Population Database Module/Package
Okay, moved the following from population_by_age.py
to database/population.py
:
import csv
- definitions for csv index value contants, e.g. X_NM
- defintions for the functions: get_pop_data(), get_file_lines()
Then I updated population_by_age.py
:
- added
from database import population as pdb
, using alias as don’t want to type full name each time - modified
process_plot()
to use the package label where appropriate (function calls and index variable)
Simple test says it works. Though VS Code still complaining about the imports from my application.
population_by_age.py
import argparse
from pathlib import Path
from chart import chart
from database import population as pdb
# Test for the two most likely starting working directories.
# If found set DATA_DIR accordingly. Using pathlib to cover operating system issues.
# If not one of them print message and exit.
p = Path.cwd()
if p.name == 'py_play':
DATA_DIR = Path('./data')
elif p.name == 'population':
DATA_DIR = Path('../data')
else:
print(f"\nCurrent working directory is an unexpected location, {p}!")
print(f"Please run the application from the root directory. Quitting application")
exit(1)
csv_nm = 'WPP2019_PopulationByAgeSex_Medium.csv'
def process_plot(country, year, fl_nm=DATA_DIR / csv_nm):
lines = pdb.get_file_lines(country, year, fl_nm)
if lines:
proper_c_nm = lines[0][pdb.X_NM]
pop_data = pdb.get_pop_data(lines)
chart.plot_bar_chart(proper_c_nm, year, pop_data)
else:
print(f"\n! No data found for '{country}' and '{year}'.\n")
parser = argparse.ArgumentParser()
# long name preceded by --, short by single -
parser.add_argument('--country', '-c', help='Country name')
# even though we need to pass it to other functions as string, set type to int, as a means of error checking
# and we know that we currently only have data for the years 1950, 2100
# parser.add_argument('--year', '-y', type=int, help='4-digit year', choices=range(1950, 2101))
# didn't like the help/error output, so leaving choices argument out
parser.add_argument('--year', '-y', type=int, help='4-digit year')
args = parser.parse_args()
if args.country and args.year and args.year >= 1950 and args.year <= 2100:
process_plot(args.country, str(args.year), csv_nm)
else:
while True:
print("Please provide the country and year for which you wish a plot, or 'q' to quit.")

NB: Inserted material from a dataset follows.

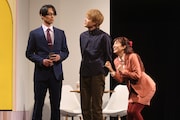 舞台「ヲタクに恋は難しい」より。(撮影:金丸雅代)(c)舞台「ヲタ恋」製作委員会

country = input("Country: ")
if country.lower() == 'q':
break
year = input("4-digit year (1950-2100): ")
if year.lower() == 'q':
break
if year < '1950' or year > '2100':
print('Country must be in the range 1950 - 2100 inclusive!')
continue
print(f'Attempting to plot data for {country} in the year {year}.')
process_plot(country, year)
chart.py
import matplotlib.pyplot as plt
import numpy as np
def plot_bar_chart(country, year, pop_data):
# define the x-labels for the chart
x_labels = pop_data.keys()
# get the y-values for each x-label
x_values = pop_data.values()
# figure out where to put each of the x-labels based on their size, nice of numpy to help
y_pos = np.arange(len(x_labels))
# because of the x-label sizes, we need a largish display
plt.figure(figsize=(15,7.5))
# give matplotlib.pyplot the values it needs to sort the chart
plt.bar(y_pos, x_values, align='center', alpha=0.5)
# tell it what the x-labels are and where to put them
plt.xticks(y_pos, x_labels)
# add some info regarding the axes and give the chart a title.
plt.xlabel('Age Group')
plt.ylabel('Population (1000s)')
plt.title(country + ' ' + year + ': Population by Age Group')
# generate the plot
plt.show()
population.py
import csv
# indices to certain fields in the CSV file data
X_NM = 1
X_YR = 4
X_AGE_GRP = 6
X_TOT_POP = 11
def get_pop_data(src_data):
age_group_data = {}
for row in src_data:
# save the stuff we want to our data dictionary
age_group_data[row[X_AGE_GRP]] = float(row[X_TOT_POP])
return age_group_data
def get_file_lines(country, year, file_nm):
lines = []
found_pair = False
csv_fl = open(file_nm, 'r')
#for line in csv_fl:
# csv reader returns a reader object which iterate over the lines of the csv file
r = csv.reader(csv_fl, delimiter=',', quotechar='"')
for row in r:
# don't forget to account for user typing preferences
found = country.lower() == row[X_NM].lower() and year == row[X_YR]
if found:
found_pair = True
lines.append(row)
if found_pair and not found:
break
csv_fl.close()
return lines
Don’t forget to commit all these changes to version control. And that’s it for this one.